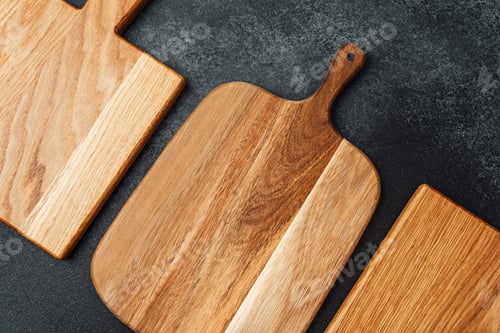 Preview: Wooden cutting boards displayed on a dark kitchen countertop for culinary use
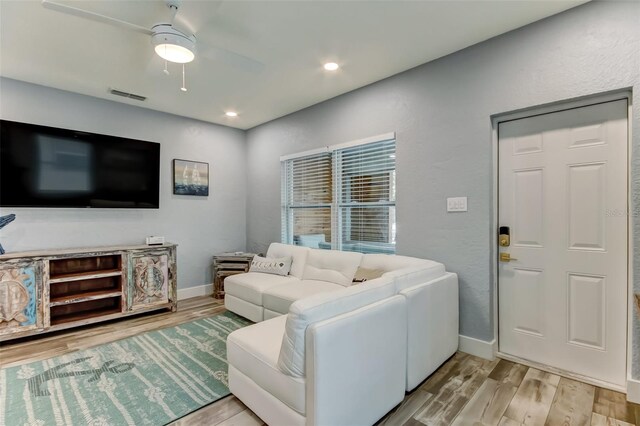 living room featuring ceiling fan and light hardwood / wood-style floors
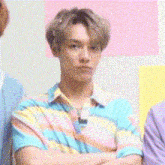 a young man in a colorful shirt is standing with his arms crossed in a room .
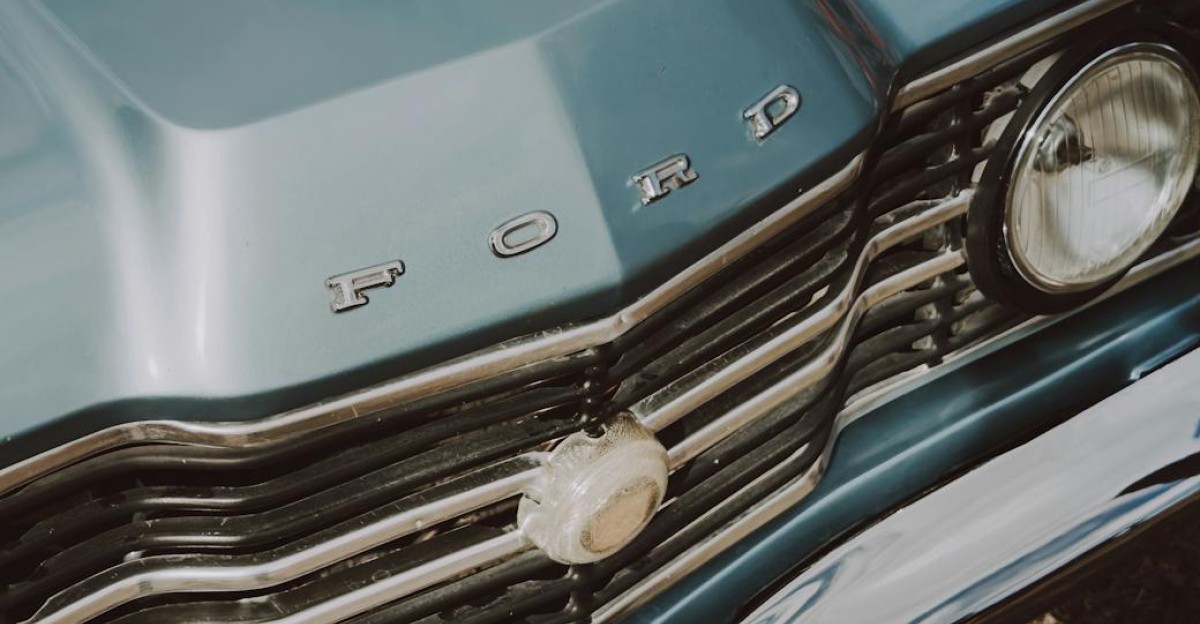 Close-up of a vintage Ford car s front grill capturing classic design elements
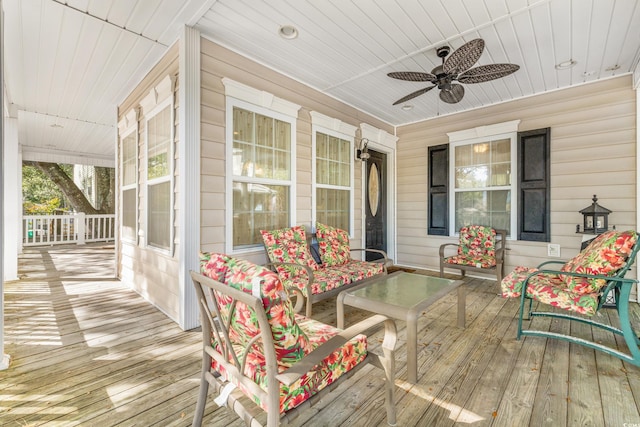 wooden deck with covered porch and ceiling fan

- - -

** Description of the task **
What you return should be the exact lines from the one containing "Close-up of a" through the end of the listing above, both included, minus any pictures.

** Finished task **
 Close-up of a vintage Ford car s front grill capturing classic design elements
 wooden deck with covered porch and ceiling fan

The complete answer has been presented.